** TASK DIRECTIONS **
Below are the records; extract from them the line containing "Ski on - Apple iPhone 8 Plus" to the line containing "CSA safety work", both lines included, exactly and with no pictures.

** INPUT MATERIAL **
◆ ◆ ◆ ◆ ◆
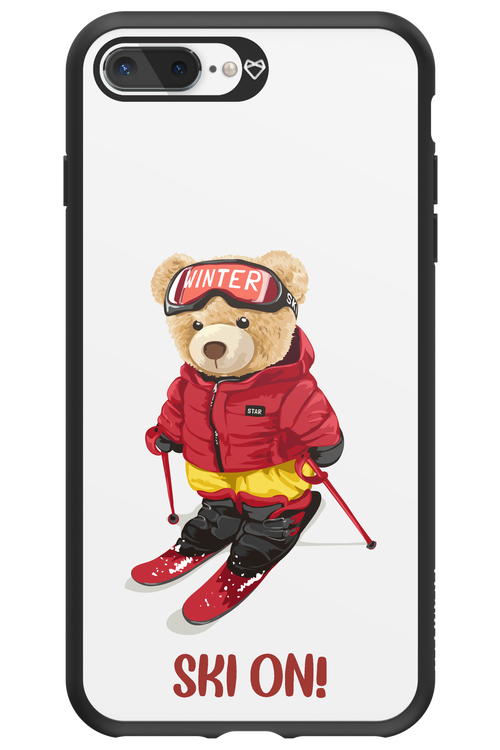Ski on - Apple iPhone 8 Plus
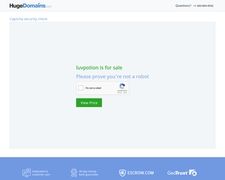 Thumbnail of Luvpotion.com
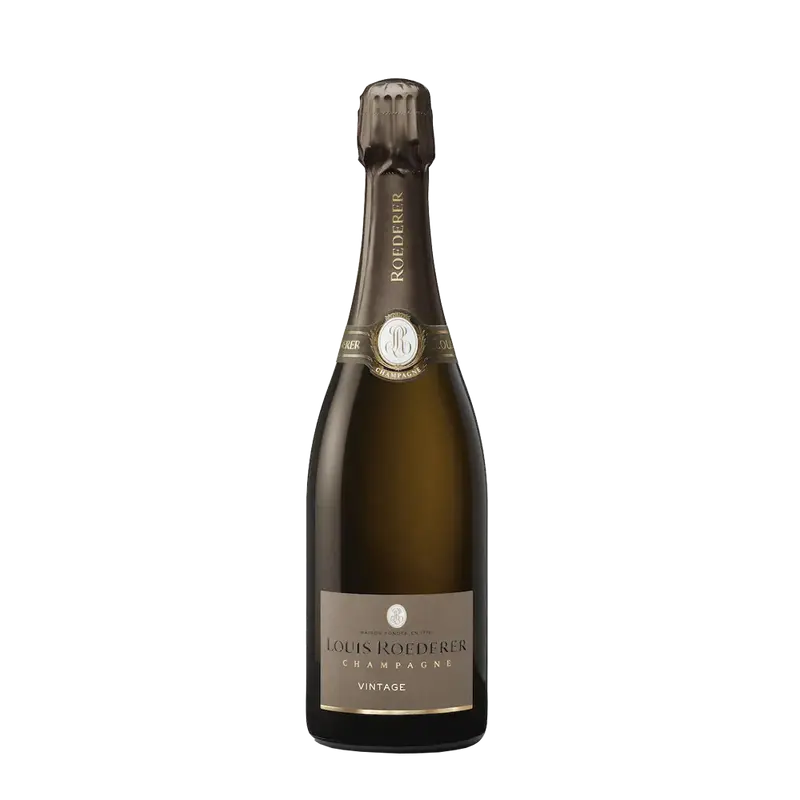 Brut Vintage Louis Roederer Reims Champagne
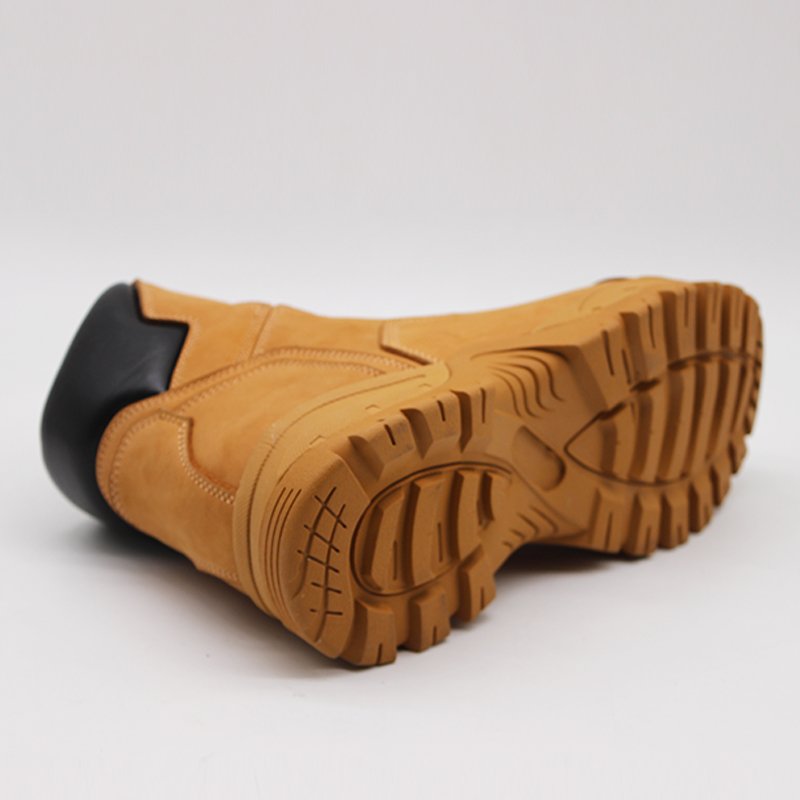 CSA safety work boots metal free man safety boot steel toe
◆ ◆ ◆ ◆ ◆
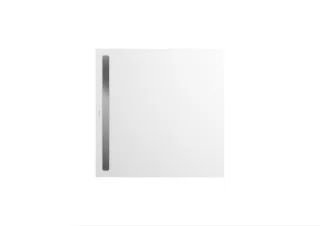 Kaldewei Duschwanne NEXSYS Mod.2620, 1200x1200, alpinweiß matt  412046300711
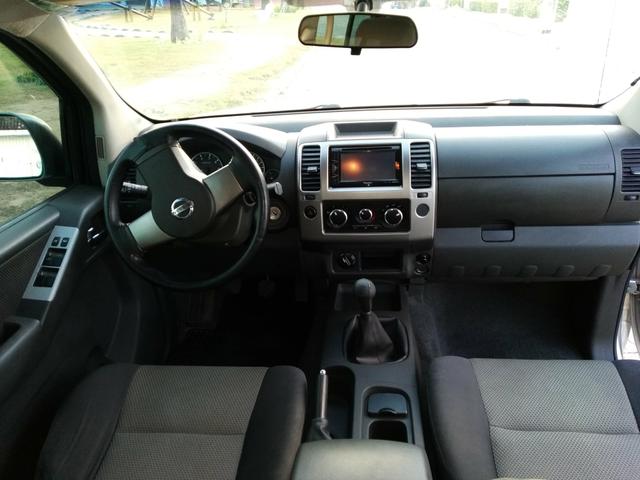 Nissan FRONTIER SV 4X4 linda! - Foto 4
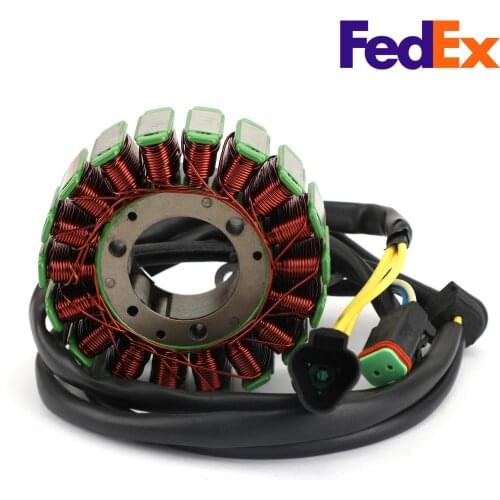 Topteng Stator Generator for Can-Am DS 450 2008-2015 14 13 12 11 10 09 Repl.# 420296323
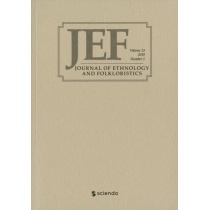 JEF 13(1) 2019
◆ ◆ ◆ ◆ ◆
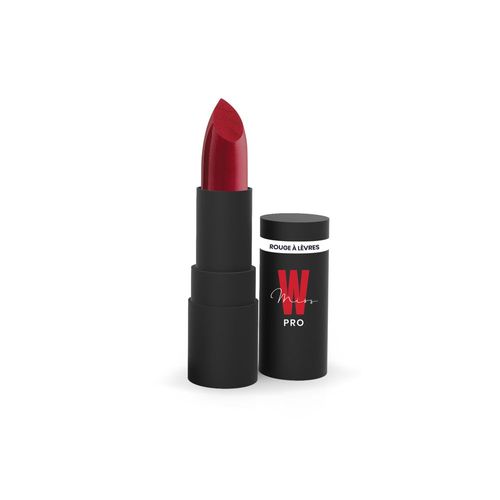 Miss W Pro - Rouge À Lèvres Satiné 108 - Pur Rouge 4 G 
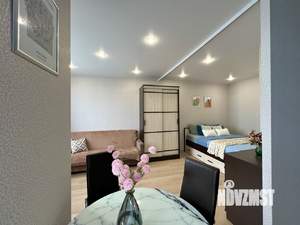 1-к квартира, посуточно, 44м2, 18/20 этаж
◆ ◆ ◆ ◆ ◆
** EXERCISE OUTPUT **
Ski on - Apple iPhone 8 Plus
 Thumbnail of Luvpotion.com
 Brut Vintage Louis Roederer Reims Champagne
 CSA safety work boots metal free man safety boot steel toe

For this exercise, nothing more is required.